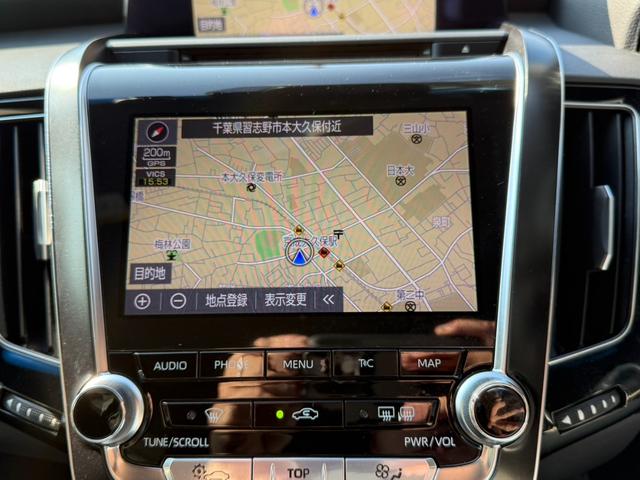 クラウンハイブリッド ＲＳアドバンス　２．５Ｌ／色替え車両／禁煙車／セーフティパッケージ／レーダークルーズ／障害物センサー／ステアリング＆シートヒーター／純正ナビ／ドラレコ／ハーフレザー／ブラインドスポット／フルセグ視聴／１００電源（61枚目）
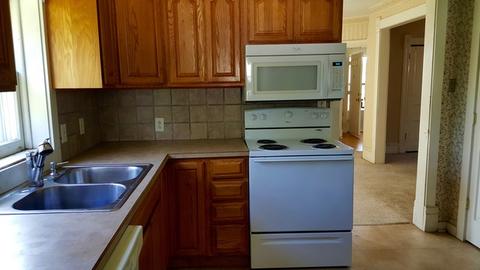 258 N Evergreen Ave, Kankakee, IL 60901 photo 5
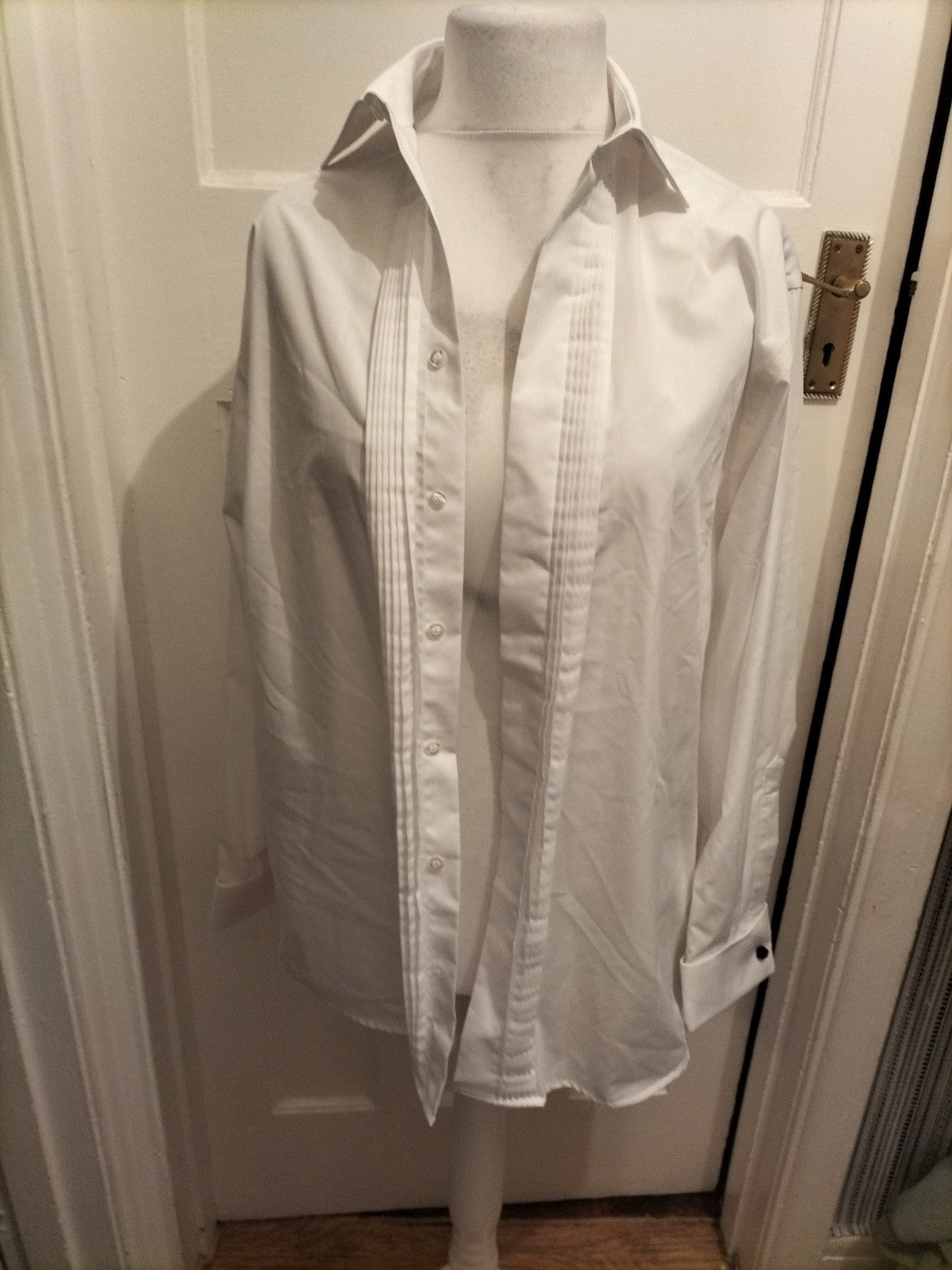 Mens BHS Size 15 White Long Sleeved Non Iron Pleat Shirt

□ □ □ □

• INSTRUCTIONS FOR THE TASK
The entire listing above is to be copied exactly, with all pictures omitted.

• EXERCISE RESPONSE
 クラウンハイブリッド ＲＳアドバンス　２．５Ｌ／色替え車両／禁煙車／セーフティパッケージ／レーダークルーズ／障害物センサー／ステアリング＆シートヒーター／純正ナビ／ドラレコ／ハーフレザー／ブラインドスポット／フルセグ視聴／１００電源（61枚目）
 258 N Evergreen Ave, Kankakee, IL 60901 photo 5
 Mens BHS Size 15 White Long Sleeved Non Iron Pleat Shirt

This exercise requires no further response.